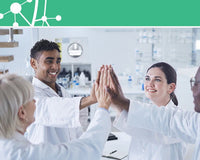 Proven Strategies to Improve Efficiency in Your Lab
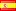 Trang chủ
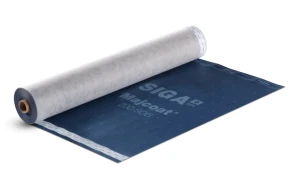 SIGA Majcoat 200 SOB membrana dachowa 1,5 x 50mb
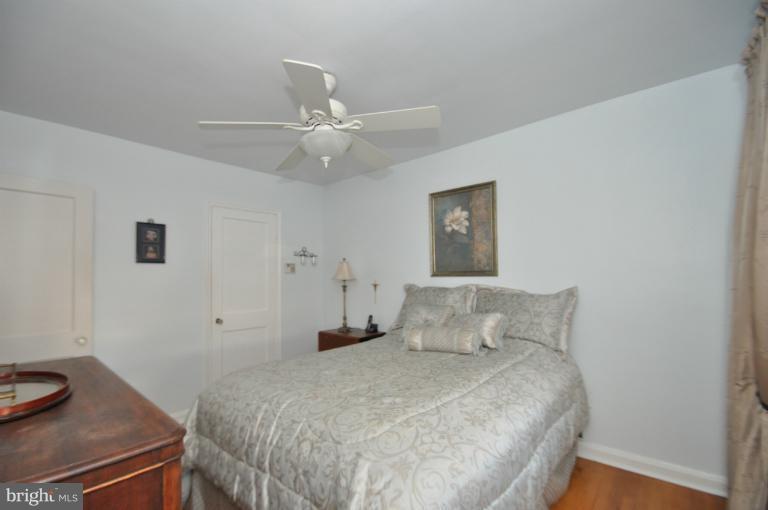 8342 Edgedale Road Baltimore, MD 21234 - Photo 14 of 24 Bedroom (Master)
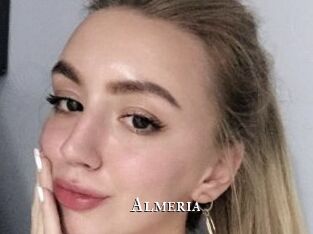Almeria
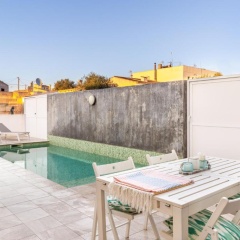Viles Can Moreno - Bild 11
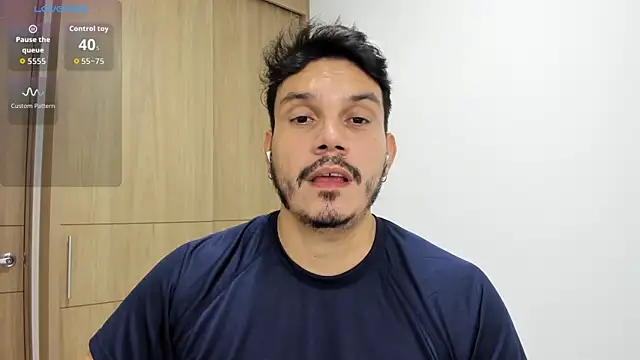 Snapshot of alejandro_stark chatting on October 2025 04:24:01 AM alejandro stark online show from October 2025 04:24:01 AM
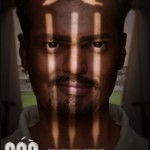 The first look of Muttiah Muralitharan’s biopic ‘800’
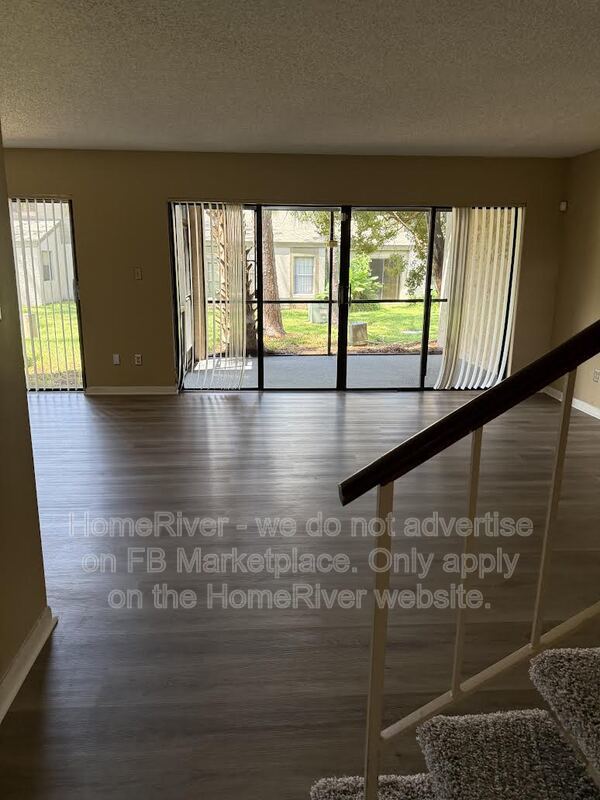 3 Bedroom in Fern Park property image
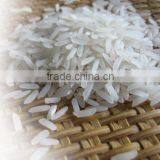 VIETNAM JASMINE RICE 5% BROKEN - BEST PRICE - BEST QUALITY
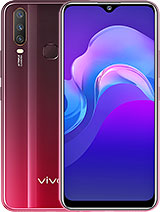 Best available price of vivo Y12 in Elsalvador
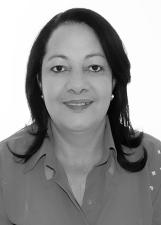 Foto de ELEUZA ROSA DA SILVA
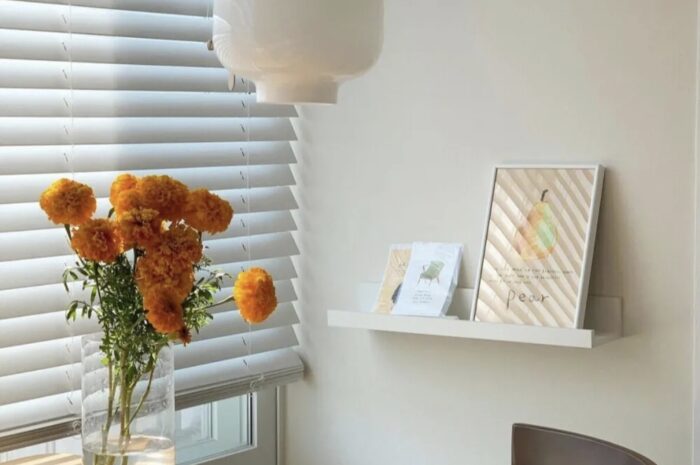 怎么創建自己的公眾號?如何創建公眾號-專在家創業網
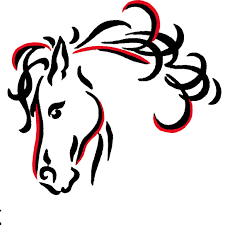 Image result for The Chobham Common Riders Association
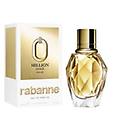 paco million gold for her 30 ml eau de parfum spray donna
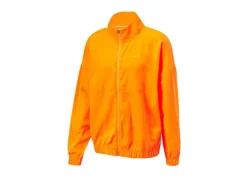 Chaqueta funcional para hombre, tejido exterior impermeable.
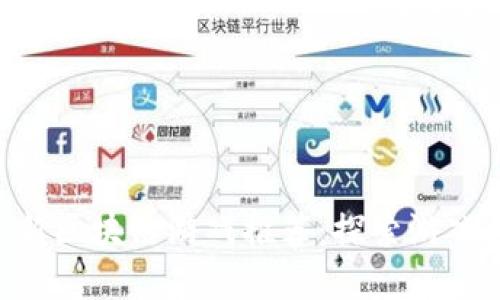 2023年10月最新区块链游戏推荐：探索游戏与金融的交汇点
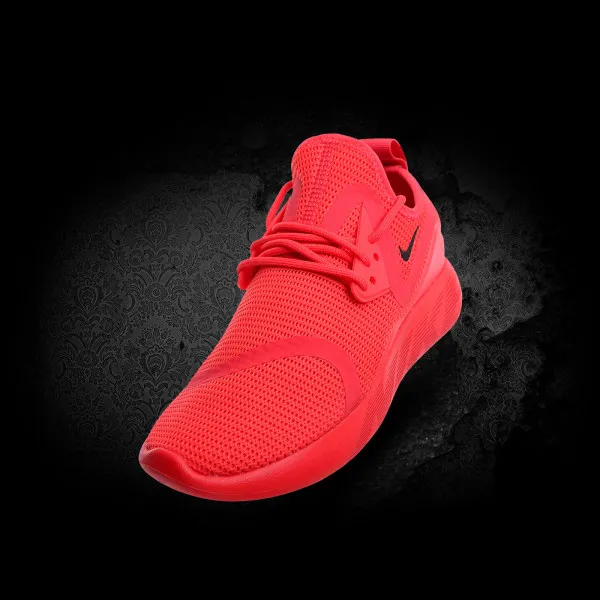 Nike lunarcharge 2025 br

• • • •

The task:
Give back each entry exactly as it appears. Leave pictures out.

Exercise answer:
 Proven Strategies to Improve Efficiency in Your Lab
 Trang chủ
 SIGA Majcoat 200 SOB membrana dachowa 1,5 x 50mb
 8342 Edgedale Road Baltimore, MD 21234 - Photo 14 of 24 Bedroom (Master)
Almeria
Viles Can Moreno - Bild 11
 Snapshot of alejandro_stark chatting on October 2025 04:24:01 AM alejandro stark online show from October 2025 04:24:01 AM
 The first look of Muttiah Muralitharan’s biopic ‘800’
 3 Bedroom in Fern Park property image
 VIETNAM JASMINE RICE 5% BROKEN - BEST PRICE - BEST QUALITY
 Best available price of vivo Y12 in Elsalvador
 Foto de ELEUZA ROSA DA SILVA
 怎么創建自己的公眾號?如何創建公眾號-專在家創業網
 Image result for The Chobham Common Riders Association
 paco million gold for her 30 ml eau de parfum spray donna
 Chaqueta funcional para hombre, tejido exterior impermeable.
 2023年10月最新区块链游戏推荐：探索游戏与金融的交汇点
 Nike lunarcharge 2025 br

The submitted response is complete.